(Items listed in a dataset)
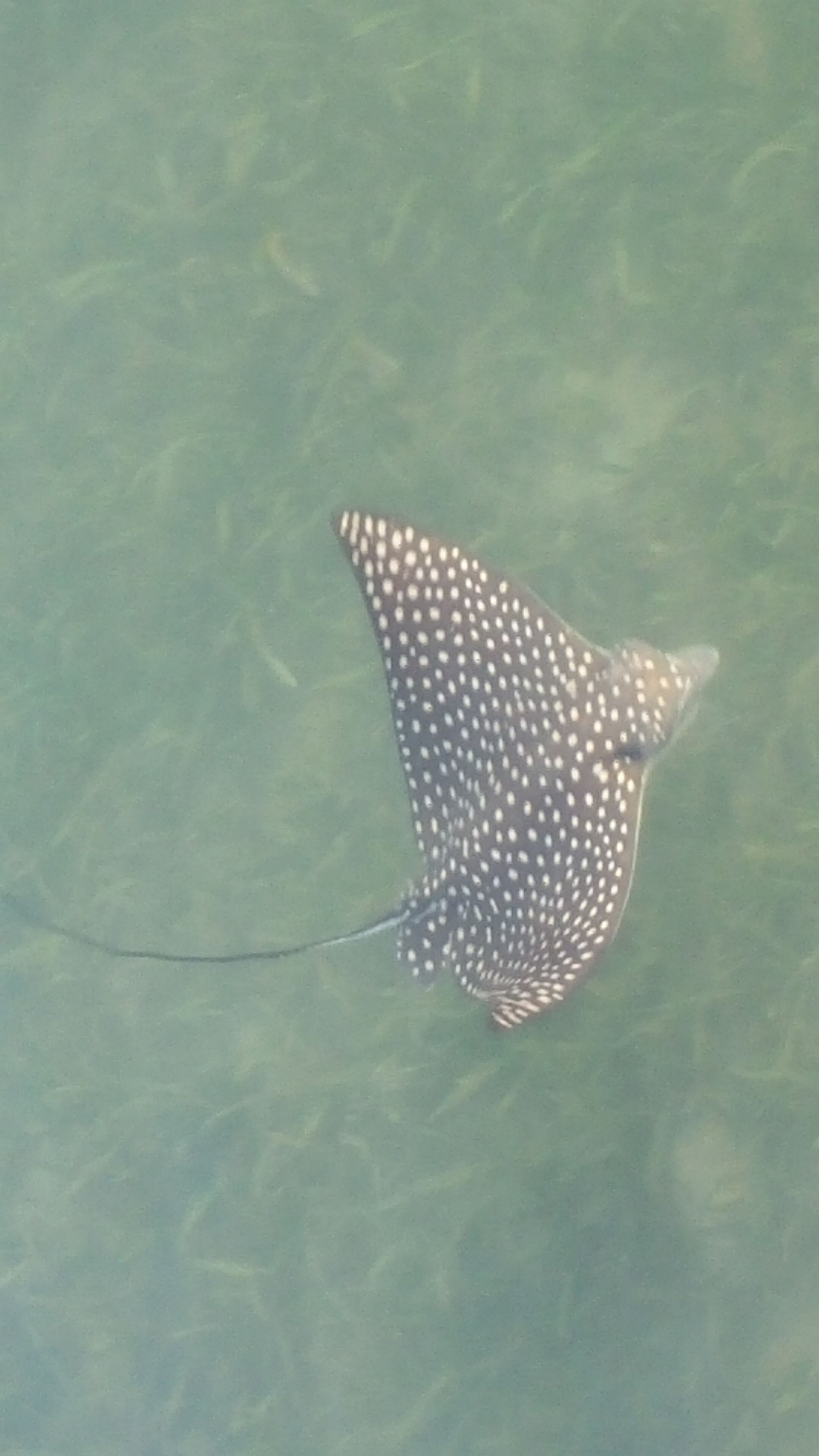 Un seul requin nageant dans une eau claire.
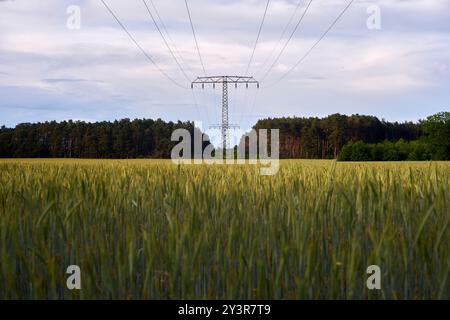 Hochspannungsleitungen werden mit Hochspannungsmasten durch einen Wald und durch ein Getreidefeld geführt, u.a. in Deulowitz, Deutschland 2024. Stockfoto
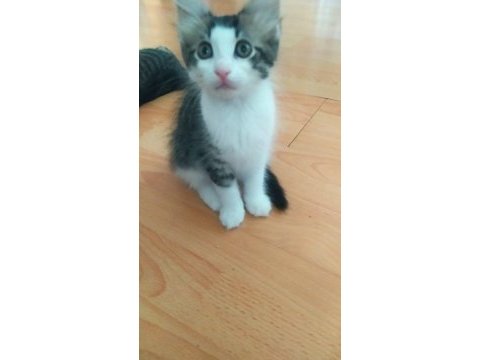 Kedimiz için lütfen ciddi olanlar yazsın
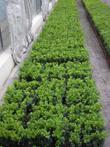 Buxus vervanger   Euonymus Green Spire  te koop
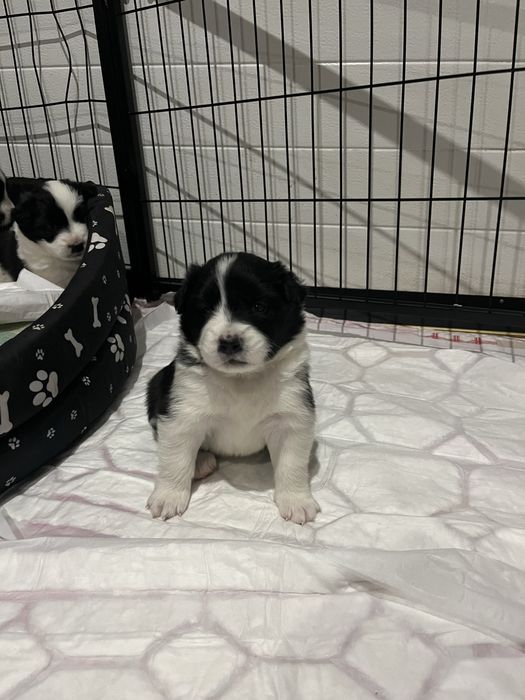 Przecudne szczeniaczki Border collie mix szpic japoński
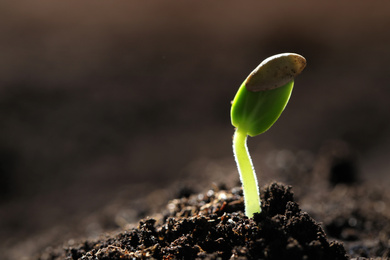 Little green seedling growing in soil, closeup. Space for text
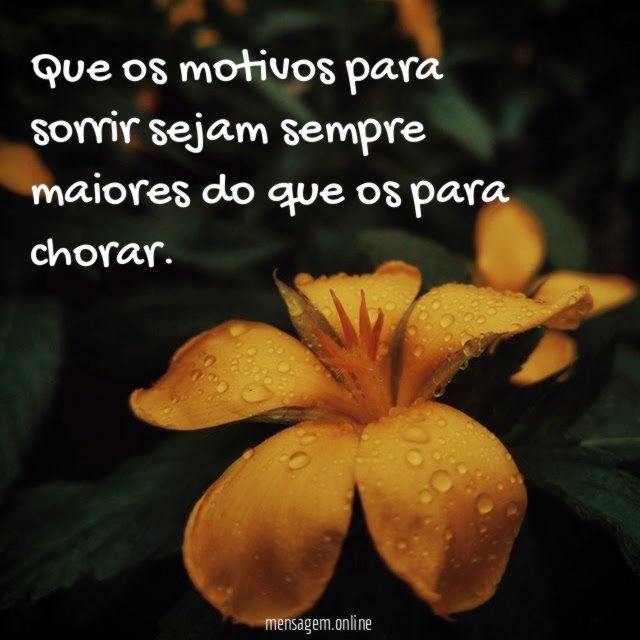 Que os motivos para sorrir sejam sempre maiores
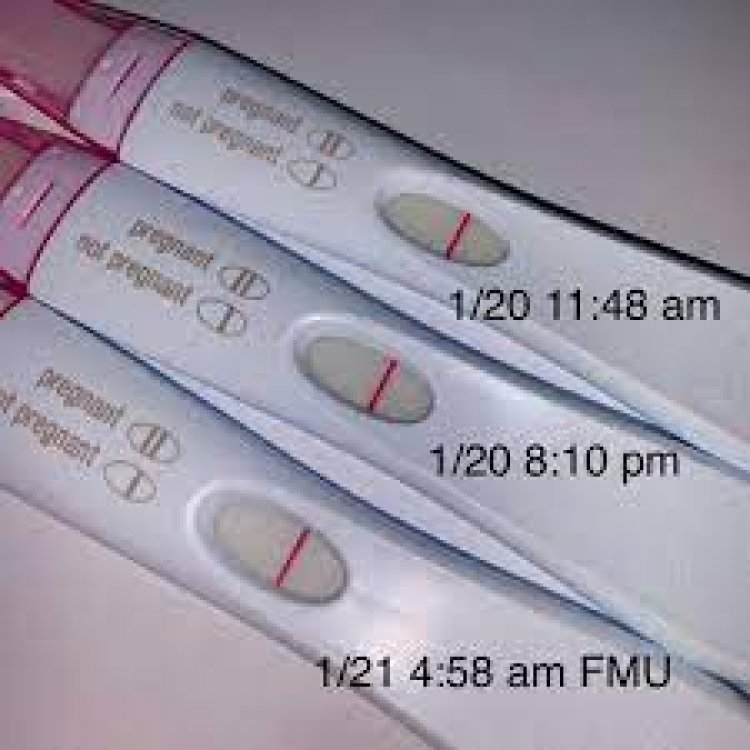 Pregnancy Test waiting period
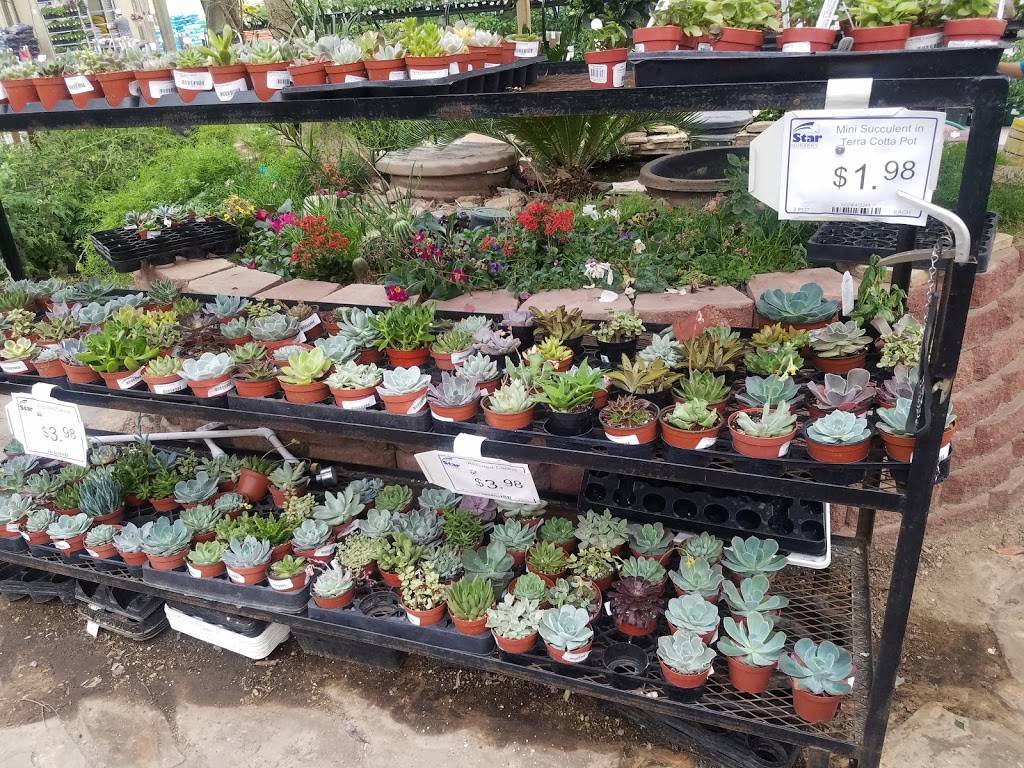 Star Nursery Garden & Rock Center | 8725 S Eastern Ave, Las Vegas, NV 89123 | Phone: (702) 333-7827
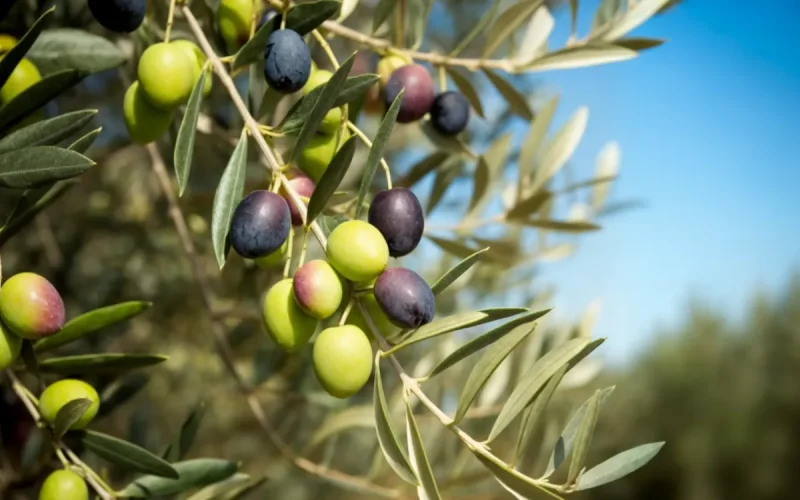 Le paradoxe de l'olive au Maroc : une récolte record mais des tonnes de fruits perdus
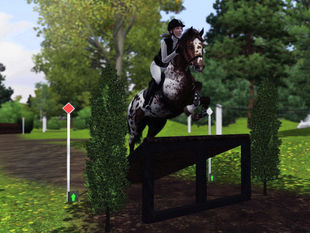 Rainwood Equestrian Competitions 2015: Cross Country 2.
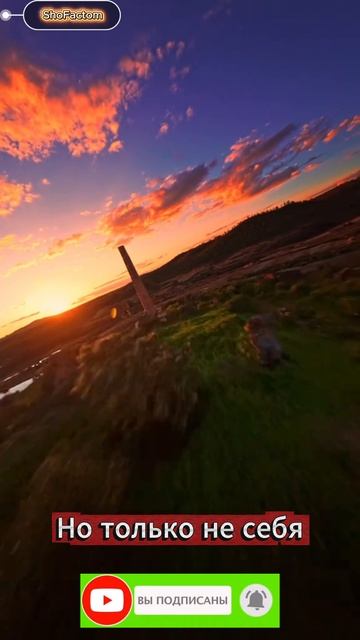 Но только не себя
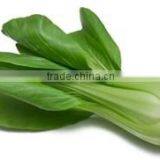Organic Fresh Chinese Cabbage Pack Choi thumbnail-1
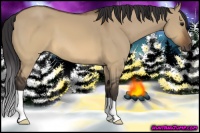 Horse Color:Buckskin Dun 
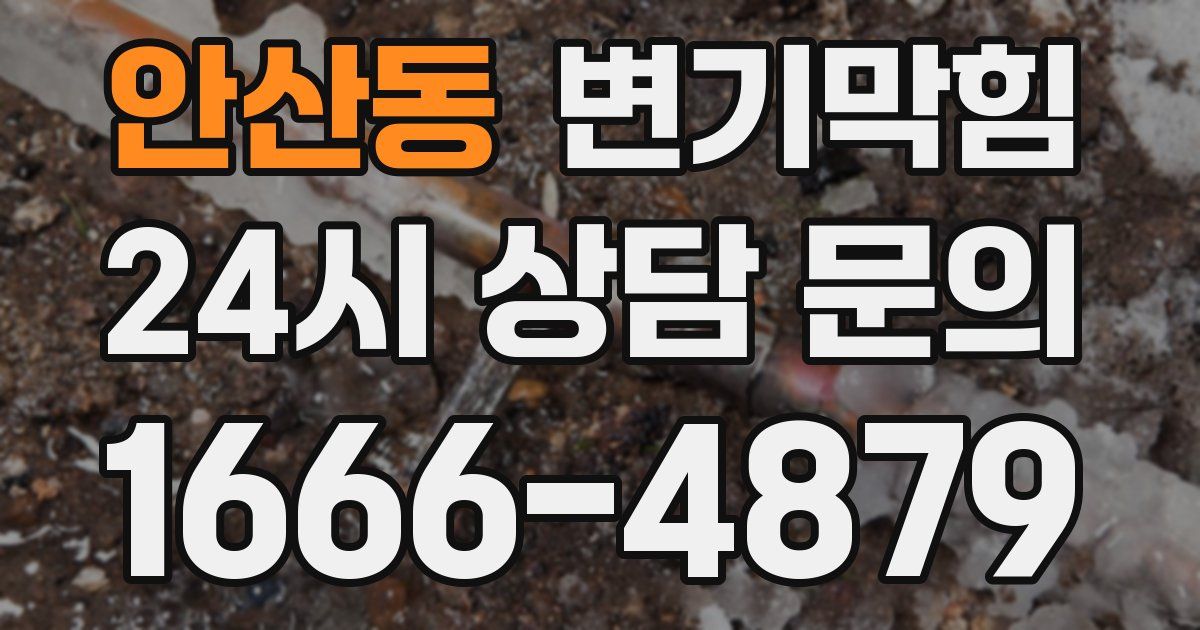 안산동 변기
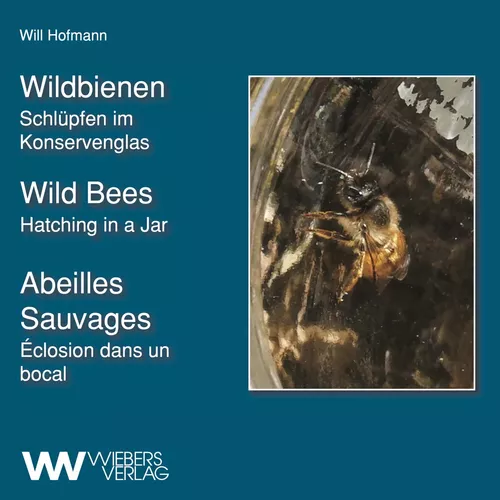 Wildbienen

* Exercise directions:
Set down only the lines running from the line with "Kedimiz için lütfen ciddi olanlar yazsın" to the end of the entries, inclusive; omit every picture.

* Answer space:
 Kedimiz için lütfen ciddi olanlar yazsın
 Buxus vervanger   Euonymus Green Spire  te koop
 Przecudne szczeniaczki Border collie mix szpic japoński
 Little green seedling growing in soil, closeup. Space for text
 Que os motivos para sorrir sejam sempre maiores
 Pregnancy Test waiting period
 Star Nursery Garden & Rock Center | 8725 S Eastern Ave, Las Vegas, NV 89123 | Phone: (702) 333-7827
 Le paradoxe de l'olive au Maroc : une récolte record mais des tonnes de fruits perdus
 Rainwood Equestrian Competitions 2015: Cross Country 2.
 Но только не себя
Organic Fresh Chinese Cabbage Pack Choi thumbnail-1
 Horse Color:Buckskin Dun 
 안산동 변기
 Wildbienen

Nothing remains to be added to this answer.